The risk reduction in UGIB risk for coxib initiators versus tNSAID initiators was 19% when adjusting for all investigator-identified covariates, and 16% when only adjusting for age, sex, calendar year and the intensity of healthcare utilization summarized by the number of distinct drugs used, physician visits and hospitalizations in the prior year. A previous study suggested that these summary variables, in particular the number of distinct drugs used, performed as well or better than other comorbidity scores in predicting the risks of clinical outcomes.19 Our findings suggest that these variables may need to be incorporated a priori in pharmacoepidemiologic analyses.
Further adjustment for 500 empirically identified covariates had a small impact on the point estimates, and the 95% CIs overlapped extensively. The estimated risk reduction was 21–22% when the 500 covariates were added to all investigator-identified variables, and 19% when added to age, sex, calendar year and the intensity of healthcare utilization. The version of the hd-PS algorithm used for this analysis did not create summary utilization variables automatically. We have suggested to the authors to include this feature in future versions of the software.

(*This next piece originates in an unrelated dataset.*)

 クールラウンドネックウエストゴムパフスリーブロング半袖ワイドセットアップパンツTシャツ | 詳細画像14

Our estimates suggested a greater benefit of coxib initiation than those from a previous study that applied the hd-PS algorithm to the U.S. Medicare claims database.4 In that study the estimated reduction in the risk of severe gastrointestinal complication was 6% after adjustment for investigator-identified covariates, and 12% when the hd-PS algorithm was used. The greater benefit in our analyses may be due to better adjustment for confounding in EMR databases, differences in definition and ascertainment of outcome, differences between the U.S. Medicare and UK study populations (including their distributions of duration of treatment), random variation, or a combination of these. Both our study and the previous study used the same statistical approach, length of “wash-out” period to define new use, length of follow-up, and period used to define and ascertain baseline covariates.

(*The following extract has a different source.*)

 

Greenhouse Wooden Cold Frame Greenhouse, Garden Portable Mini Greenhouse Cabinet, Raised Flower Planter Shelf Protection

The hd-PS algorithm may be a step towards the development of reliable methods for automatic selection of confounders. The algorithm might be especially helpful in settings in which little is known about the determinants and effects of treatment. However, the hd-PS algorithm lacks theoretical justification24 and has several limitations. The approach may select covariates that are not related with the outcome or are “colliders”, which may increase the variance or introduce bias;4,25,26 it ranks the potential confounders based on their crude bivariate associations with treatment and outcome rather than on the associations adjusted for known confounders; and it deals only with binary exposures and covariates (except pre-specified covariates).
Another limitation of the hd-PS algorithm is the difficulty to extend the current version of the algorithm to time-varying treatments and confounders. The estimated hd-PS can be used to adjust for confounding through stratification, matching, regression, or inverse probability weighting,8,23 but only for confounding due to baseline variables. As a result, the method forces investigators to conduct either the observational analog of an “intention-to-treat” analysis with a baseline treatment variable (i.e., treatment initiation), or the observational analog of an “as-treated” analysis that does not appropriately adjust for time-varying confounders. The adequacy of the “intention-to-treat” approach is questionable when, as in our example, individuals spend a substantial proportion of the follow-up not taking the treatment that they initiated at baseline, even more so when this proportion is differential between the two groups compared (e.g., greater proportion of exposure among coxib users).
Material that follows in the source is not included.